The painted figure of a man, possibly a scribe who once lived in the house built by the ancient Maya, is illuminated through a doorway to the dwelling, in northeastern Guatemala. The structure represents the first Maya house found to contain artwork on its walls. The research, detailed in the May 11 issue of the journal Science, is supported by the National Geographic Society.
The first artwork to be found on walls of a Maya house adorn the dwelling in the ruined city of Xultún. The figure at left is one of three men on the house's west wall who are painted in black and wear identical costumes.
Conservator Angelyn Bass cleans and stabilizes the surface of a wall of a Maya house that dates to the ninth century. The figure of a man who may have been the town scribe appears on the wall to her left.
Trees grow atop a newly discovered mound over a house built by the ancient Maya that contains the rendering of an ancient figure, possibly the town scribe. The house sits at the edge of the ancient site of Xultún in Guatemala, a city that once housed tens of thousands of people.

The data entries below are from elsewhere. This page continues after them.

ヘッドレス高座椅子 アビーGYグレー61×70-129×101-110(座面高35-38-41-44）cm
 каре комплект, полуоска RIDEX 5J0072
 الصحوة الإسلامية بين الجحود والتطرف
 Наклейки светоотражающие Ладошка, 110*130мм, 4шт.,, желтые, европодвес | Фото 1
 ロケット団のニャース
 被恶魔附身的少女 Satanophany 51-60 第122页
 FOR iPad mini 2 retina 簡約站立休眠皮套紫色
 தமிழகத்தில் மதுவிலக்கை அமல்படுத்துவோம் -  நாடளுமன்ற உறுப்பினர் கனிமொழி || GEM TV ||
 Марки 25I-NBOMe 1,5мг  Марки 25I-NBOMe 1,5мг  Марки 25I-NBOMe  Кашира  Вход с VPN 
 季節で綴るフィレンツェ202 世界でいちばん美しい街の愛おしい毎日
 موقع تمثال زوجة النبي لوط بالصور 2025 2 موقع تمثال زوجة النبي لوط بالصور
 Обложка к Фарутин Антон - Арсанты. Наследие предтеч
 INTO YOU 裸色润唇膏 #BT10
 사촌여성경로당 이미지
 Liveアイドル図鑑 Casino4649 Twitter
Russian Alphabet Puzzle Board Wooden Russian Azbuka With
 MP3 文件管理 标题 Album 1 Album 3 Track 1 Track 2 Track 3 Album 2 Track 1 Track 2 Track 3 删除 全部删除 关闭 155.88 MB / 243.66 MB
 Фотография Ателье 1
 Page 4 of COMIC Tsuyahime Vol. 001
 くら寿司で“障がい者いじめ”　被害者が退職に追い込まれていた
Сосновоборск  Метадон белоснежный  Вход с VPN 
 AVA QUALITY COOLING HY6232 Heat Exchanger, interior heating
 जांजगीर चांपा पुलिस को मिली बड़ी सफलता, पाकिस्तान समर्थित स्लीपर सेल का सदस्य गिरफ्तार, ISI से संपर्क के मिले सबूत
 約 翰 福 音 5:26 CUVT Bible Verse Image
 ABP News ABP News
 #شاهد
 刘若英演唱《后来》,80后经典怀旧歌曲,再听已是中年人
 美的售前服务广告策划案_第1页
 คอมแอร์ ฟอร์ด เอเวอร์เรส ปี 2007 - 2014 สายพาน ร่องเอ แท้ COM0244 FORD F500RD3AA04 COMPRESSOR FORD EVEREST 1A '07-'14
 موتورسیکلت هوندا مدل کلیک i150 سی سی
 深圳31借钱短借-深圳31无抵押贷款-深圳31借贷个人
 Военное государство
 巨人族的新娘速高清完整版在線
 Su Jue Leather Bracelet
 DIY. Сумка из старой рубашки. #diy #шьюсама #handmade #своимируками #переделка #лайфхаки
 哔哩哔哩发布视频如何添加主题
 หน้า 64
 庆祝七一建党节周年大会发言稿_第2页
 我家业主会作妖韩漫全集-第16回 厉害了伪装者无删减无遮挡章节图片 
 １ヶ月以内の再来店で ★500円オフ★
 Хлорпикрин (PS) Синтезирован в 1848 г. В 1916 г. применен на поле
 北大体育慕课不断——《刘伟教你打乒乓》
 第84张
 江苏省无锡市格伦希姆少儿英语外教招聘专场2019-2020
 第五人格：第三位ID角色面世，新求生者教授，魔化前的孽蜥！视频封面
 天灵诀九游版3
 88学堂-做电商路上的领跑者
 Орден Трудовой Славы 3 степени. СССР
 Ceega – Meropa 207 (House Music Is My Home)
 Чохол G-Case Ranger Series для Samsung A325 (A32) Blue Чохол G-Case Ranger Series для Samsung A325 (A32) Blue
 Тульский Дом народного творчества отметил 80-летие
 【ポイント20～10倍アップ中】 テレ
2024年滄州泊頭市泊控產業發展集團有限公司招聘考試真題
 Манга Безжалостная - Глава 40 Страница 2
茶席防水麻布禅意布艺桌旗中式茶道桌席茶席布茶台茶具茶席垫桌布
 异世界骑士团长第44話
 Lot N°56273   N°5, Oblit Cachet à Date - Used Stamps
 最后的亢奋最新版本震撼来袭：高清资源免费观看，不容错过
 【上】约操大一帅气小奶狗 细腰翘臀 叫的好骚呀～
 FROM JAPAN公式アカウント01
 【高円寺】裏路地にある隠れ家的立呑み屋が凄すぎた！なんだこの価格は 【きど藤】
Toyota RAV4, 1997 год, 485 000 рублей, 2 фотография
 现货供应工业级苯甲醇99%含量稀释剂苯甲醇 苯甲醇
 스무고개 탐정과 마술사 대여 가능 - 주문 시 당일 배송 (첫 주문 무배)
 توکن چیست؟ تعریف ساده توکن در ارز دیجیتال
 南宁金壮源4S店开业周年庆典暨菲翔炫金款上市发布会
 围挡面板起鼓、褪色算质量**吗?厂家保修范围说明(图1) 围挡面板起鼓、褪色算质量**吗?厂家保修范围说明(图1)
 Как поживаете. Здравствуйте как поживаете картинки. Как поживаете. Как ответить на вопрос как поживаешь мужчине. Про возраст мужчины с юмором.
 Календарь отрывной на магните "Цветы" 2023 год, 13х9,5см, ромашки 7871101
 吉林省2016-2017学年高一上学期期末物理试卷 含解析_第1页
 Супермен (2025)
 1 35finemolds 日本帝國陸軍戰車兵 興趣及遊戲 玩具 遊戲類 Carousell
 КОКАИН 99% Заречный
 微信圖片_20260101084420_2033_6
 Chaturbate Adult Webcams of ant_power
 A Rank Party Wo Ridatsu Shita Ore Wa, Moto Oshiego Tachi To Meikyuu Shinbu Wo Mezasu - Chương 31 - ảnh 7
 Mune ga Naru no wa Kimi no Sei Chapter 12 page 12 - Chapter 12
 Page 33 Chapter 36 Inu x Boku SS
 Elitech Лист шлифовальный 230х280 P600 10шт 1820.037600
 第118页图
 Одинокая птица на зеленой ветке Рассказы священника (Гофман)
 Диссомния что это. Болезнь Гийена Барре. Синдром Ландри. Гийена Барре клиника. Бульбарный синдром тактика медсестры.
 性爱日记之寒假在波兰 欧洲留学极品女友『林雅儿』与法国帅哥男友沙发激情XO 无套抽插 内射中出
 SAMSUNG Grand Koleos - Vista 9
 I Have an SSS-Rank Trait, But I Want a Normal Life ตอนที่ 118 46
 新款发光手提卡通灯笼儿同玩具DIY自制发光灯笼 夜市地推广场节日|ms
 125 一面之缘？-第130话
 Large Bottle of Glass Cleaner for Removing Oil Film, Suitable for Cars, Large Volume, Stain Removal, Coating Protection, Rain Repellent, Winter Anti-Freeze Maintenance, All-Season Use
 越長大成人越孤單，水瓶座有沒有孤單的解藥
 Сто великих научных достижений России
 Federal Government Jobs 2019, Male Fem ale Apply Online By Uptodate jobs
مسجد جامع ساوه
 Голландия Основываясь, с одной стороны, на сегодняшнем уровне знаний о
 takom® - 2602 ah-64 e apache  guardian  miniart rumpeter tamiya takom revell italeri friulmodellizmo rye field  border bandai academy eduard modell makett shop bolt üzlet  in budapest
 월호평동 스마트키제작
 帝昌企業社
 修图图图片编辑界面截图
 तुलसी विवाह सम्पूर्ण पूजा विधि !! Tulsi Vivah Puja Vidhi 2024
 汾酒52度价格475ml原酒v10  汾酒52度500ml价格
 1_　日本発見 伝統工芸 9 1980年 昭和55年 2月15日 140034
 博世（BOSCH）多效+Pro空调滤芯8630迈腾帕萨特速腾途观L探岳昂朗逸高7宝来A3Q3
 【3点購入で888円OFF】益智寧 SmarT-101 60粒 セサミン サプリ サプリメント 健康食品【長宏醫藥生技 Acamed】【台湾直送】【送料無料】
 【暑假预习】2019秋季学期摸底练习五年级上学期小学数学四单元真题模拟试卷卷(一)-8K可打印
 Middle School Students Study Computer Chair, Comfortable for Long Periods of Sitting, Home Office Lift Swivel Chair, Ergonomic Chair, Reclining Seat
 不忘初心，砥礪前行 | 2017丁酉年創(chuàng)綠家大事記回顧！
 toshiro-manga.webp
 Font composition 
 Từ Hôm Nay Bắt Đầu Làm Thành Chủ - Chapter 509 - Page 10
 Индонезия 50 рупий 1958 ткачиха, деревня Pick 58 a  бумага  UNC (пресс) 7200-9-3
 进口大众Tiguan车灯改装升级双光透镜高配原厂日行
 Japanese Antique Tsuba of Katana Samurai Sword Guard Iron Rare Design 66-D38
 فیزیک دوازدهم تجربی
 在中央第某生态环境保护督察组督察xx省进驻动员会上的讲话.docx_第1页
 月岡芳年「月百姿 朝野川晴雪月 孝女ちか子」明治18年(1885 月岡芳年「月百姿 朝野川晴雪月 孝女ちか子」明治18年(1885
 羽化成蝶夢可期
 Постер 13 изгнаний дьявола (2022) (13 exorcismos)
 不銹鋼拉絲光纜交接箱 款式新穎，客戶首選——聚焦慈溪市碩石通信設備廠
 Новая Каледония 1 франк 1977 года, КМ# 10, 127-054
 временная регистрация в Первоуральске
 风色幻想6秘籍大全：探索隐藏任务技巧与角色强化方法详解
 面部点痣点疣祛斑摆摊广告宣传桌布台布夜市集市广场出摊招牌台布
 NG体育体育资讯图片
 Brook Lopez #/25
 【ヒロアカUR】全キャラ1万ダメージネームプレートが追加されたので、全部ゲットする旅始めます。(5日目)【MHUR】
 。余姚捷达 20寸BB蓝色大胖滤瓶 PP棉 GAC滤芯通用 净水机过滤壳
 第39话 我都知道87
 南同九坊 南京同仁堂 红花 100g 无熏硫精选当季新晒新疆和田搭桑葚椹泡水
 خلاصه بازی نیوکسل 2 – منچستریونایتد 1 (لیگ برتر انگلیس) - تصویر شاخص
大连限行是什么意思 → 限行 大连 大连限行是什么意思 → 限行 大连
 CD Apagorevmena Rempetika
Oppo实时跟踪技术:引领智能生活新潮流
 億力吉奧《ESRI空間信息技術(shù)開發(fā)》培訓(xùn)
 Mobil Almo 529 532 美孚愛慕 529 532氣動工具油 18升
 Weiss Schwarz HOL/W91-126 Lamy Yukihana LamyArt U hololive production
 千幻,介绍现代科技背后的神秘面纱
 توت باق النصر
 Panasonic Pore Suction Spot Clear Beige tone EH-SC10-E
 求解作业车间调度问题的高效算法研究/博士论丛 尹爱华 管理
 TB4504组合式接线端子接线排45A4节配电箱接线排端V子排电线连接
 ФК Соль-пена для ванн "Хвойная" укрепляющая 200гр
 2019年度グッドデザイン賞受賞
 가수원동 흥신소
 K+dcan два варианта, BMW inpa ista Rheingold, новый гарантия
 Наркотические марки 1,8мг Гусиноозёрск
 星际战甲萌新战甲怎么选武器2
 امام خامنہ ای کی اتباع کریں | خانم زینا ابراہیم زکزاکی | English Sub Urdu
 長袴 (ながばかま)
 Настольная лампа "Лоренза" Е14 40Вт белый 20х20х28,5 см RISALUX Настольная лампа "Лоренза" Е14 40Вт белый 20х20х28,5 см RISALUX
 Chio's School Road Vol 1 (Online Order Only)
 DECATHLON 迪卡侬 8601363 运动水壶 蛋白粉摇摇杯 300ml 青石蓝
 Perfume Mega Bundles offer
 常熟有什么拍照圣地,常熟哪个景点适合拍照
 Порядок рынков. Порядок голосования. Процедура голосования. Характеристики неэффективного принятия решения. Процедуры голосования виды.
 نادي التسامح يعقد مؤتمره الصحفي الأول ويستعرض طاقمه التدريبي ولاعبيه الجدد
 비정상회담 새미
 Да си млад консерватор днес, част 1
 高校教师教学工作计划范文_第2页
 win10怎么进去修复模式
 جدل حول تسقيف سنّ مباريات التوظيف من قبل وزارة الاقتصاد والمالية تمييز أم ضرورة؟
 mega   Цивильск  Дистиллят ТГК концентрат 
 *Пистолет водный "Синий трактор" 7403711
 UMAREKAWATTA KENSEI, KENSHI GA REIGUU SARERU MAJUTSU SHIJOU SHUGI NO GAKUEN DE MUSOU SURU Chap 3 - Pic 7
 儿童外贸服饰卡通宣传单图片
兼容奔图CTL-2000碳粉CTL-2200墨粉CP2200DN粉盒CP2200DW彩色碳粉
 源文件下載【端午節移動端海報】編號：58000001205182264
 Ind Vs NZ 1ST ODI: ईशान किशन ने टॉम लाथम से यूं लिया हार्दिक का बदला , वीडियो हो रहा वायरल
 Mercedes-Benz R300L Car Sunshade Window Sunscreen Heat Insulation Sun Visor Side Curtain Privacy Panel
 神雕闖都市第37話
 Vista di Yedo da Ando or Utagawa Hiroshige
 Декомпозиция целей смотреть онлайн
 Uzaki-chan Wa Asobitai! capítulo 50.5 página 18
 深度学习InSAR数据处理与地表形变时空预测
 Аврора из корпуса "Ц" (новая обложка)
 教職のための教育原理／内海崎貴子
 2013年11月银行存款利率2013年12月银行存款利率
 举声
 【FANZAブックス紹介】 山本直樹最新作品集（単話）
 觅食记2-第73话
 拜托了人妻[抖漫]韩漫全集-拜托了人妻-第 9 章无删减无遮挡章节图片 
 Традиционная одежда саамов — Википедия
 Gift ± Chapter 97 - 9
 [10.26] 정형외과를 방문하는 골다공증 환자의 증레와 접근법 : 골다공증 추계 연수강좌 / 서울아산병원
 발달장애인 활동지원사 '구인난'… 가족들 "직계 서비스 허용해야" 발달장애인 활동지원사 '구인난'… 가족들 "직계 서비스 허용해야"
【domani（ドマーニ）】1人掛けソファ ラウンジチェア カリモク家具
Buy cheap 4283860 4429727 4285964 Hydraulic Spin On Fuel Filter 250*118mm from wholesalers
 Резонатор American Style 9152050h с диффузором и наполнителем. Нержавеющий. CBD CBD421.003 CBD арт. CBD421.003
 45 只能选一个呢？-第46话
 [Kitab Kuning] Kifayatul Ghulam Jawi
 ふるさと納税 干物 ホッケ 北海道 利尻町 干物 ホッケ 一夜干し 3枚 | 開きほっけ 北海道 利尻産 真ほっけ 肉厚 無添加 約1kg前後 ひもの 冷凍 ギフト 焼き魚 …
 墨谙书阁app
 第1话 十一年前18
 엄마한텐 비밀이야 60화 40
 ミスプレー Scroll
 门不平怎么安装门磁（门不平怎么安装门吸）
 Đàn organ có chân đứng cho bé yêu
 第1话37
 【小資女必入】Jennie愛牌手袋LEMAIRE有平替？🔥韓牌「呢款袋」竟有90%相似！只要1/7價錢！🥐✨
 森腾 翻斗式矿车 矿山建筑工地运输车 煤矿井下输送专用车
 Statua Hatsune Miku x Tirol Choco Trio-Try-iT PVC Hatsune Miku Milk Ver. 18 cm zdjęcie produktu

Four long numbers on the north wall of the ruined house relate to the Maya calendar and computations about the moon, sun and possibly Venus and Mars; the dates stretch some 7,000 years into the future. These are the first calculations Maya archaeologists have found that seem to tabulate all of these cycles in this way. Although they all involve common multiples of key calendrical and astronomical cycles, the exact significance of these particular spans of time is not known.
“Younger Brother Obsidian,” as labeled on the north wall of the Maya city’s house by an unknown hand, was painted in the 9th century A.D. Archaeologist William Saturno of Boston University excavates the house in the ruins of the Maya city of Xultún. Younger Brother Obsidian may have been the town scribe. Excavation and preservation of the site were supported by the National Geographic Society.
Archaeologist William Saturno of Boston University carefully uncovers art and writings left by the Maya some 1,200 years ago. The art and other symbols on the walls may have been records kept by a scribe, Saturno theorizes.
A vibrant orange figure, kneeling in front of the king on the ruined house’s north wall, is labeled “Younger Brother Obsidian,” a curious title seldom seen in Maya text. The man is holding a writing instrument, which may indicate he was a scribe. The painting recreates the design and colors of the figure in the original Maya mural.
A Maya king, seated and wearing an elaborate head dress of blue feathers, adorns the north wall of the ruined house discovered at the Maya site of Xultún. An attendant, at right, leans out from behind the king’s head dress. The painting by artist Heather Hurst recreates the design and colors of the original Maya artwork at the site.
Three male figures, seated and painted in black. The men, wearing only white loincloths and medallions around their necks and a head dress bearing another medallion and a single feather, were uncovered on the ruined house’s west wall. The painting recreates the design and colors of the original Maya mural. Excavation and preservation of the site were supported by the National Geographic Society.